Lagrange Multipliers

Below is a nice explanation of Lagrange multipliers by Jason Eisner (posted with permission).

Jason comments:

The traditional presentation is a bit different (and in my view less fundamental, but still useful). It assumes that everything is differentiable, and re-encodes the g(x)=c constraint as a statement that a particular derivative equals 0. This leads to a nice geometric intuition.
Bare bones statement: http://mathworld.wolfram.com/LagrangeMultiplier.html
Nice intuitive explanation: http://www.slimy.com/~steuard/tutorials/Lagrange.html

We wish to maximize a function f(x) under a constraint that g(x) = c.

For example, perhaps x is a vector representing the parameters of some probability distribution. We are trying to find the distribution that maximizes the likelihood of some data, under the constraint that the components of the distribution sum to 1. Or we are trying to find the distribution that has maximum entropy, under the constraint that it corresponds to observed data in certain respects.

To do this, we introduce a new parameter L (lambda) and then take it away again differently.

For each L, we find the x that maximizes f(x) + Lg(x). Call this x(L). This can be found by ordinary unconstrained maximization (e.g., set the derivative of f(x) + Lg(x) to zero).

The key observation -- a simple one -- is that if we restrict x to a subset of the space on which g(x) is constant (at c or otherwise), then f(x) + Lg(x) differs from f(x) by a constant, and they have the same maximum. THEREFORE x(L) maximizes f(x) under the constraint that g(x)=g(x(L)), i.e., on its particular "tier" of g.

(More formally: if there were an x1 giving the same value of g (i.e., g(x1)=g(x(L)) and a higher value of f (i.e., f(x1)>f(x(L))), then f(x) + Lg(x) would be higher at x1 than at x(L), contradicting maximality of x(L).)

If g(x(L)) happens to equal c, then we've won -- x(L) is our desired optimum. So the last step is to find L such that g(x(L)) = c. Then x(L) is our answer.

Note: If g is vector valued, just make L a vector and interpret Lg(x) as a dot product. This is the same as introducing several parameters L_1, L_2, etc. for the multiple constraints g(x)_1 = c_1, g(x)_2 = c_2, etc.

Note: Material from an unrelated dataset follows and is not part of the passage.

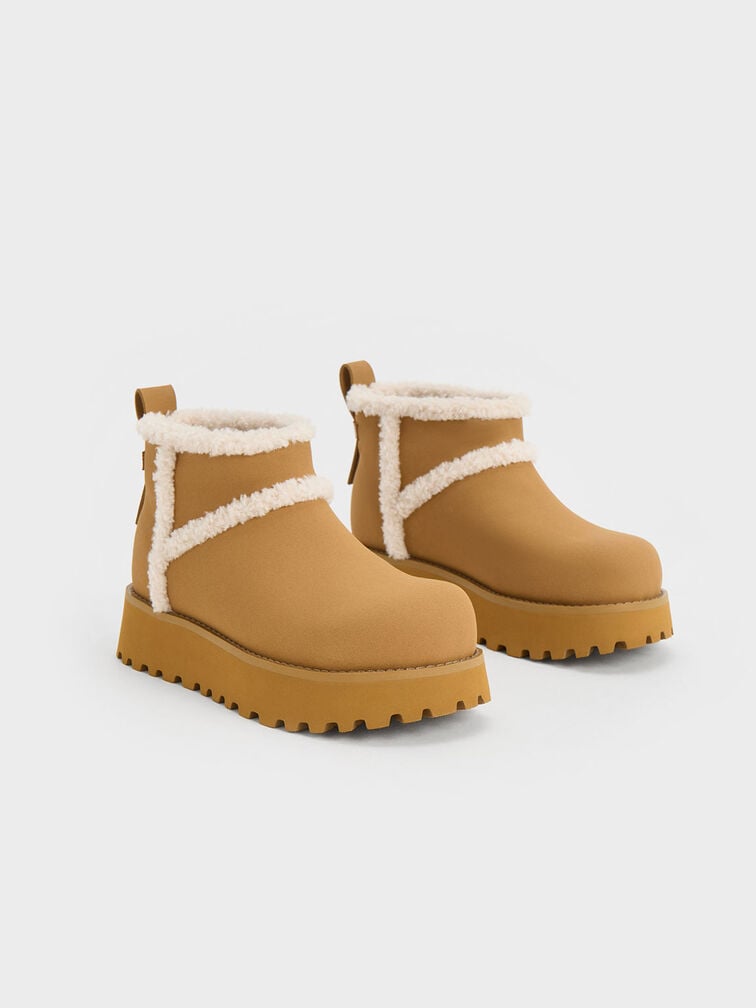 Textured Fur-Trim Flatform Ankle Boots, สีกากี, hi-res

The above discussion is slightly simplified since it supposes that x(L) is unique. It is possible for f(x) + Lg(x) to have multiple maxima, as well as saddle points and points of inflection. It may be necessary to consider all of these multiple x(L) values in order to find one such that g(x(L)) = c. The correct general statement is that

x0 is a critical point of f(x) subject to g(x)=c iff for some L, x0 is a critical point of f(x)+Lg(x) and g(x0)=c.

The following analogy may be helpful: Governments often use taxes as Lagrange multipliers! Read on:

How much gasoline I buy affects my happiness. (If I buy too little gasoline then I can't go anywhere, but if I buy too much then I don't have money left to eat.) Let's measure net happiness in dollars: the benefit to me minus the cost of the gas.

If x is a vector giving each person's annual gasoline consumption, let f(x) be the total net effect on the population's happiness. f(x) is maximized when each person separately buys the amount of gasoline that makes her happiest. Unfortunately, then the total gas consumption g(x) is too high, causing pollution.

To keep g(x)=c while still making happiness f(x) as high as possible, impose a gasoline tax. If the tax is $20/gallon, people's free choices will maximize not f(x) but rather f(x) + (-20) g(x). People who like to drive still buy more gas than people who don't, but everyone buys less than s/he did before.

By adjusting the size of the tax (the Lagrange multiplier), the government can indirectly adjust total consumption g(x) until it is at the desired level, g(x)=c. One cannot determine from c in advance what the tax should be.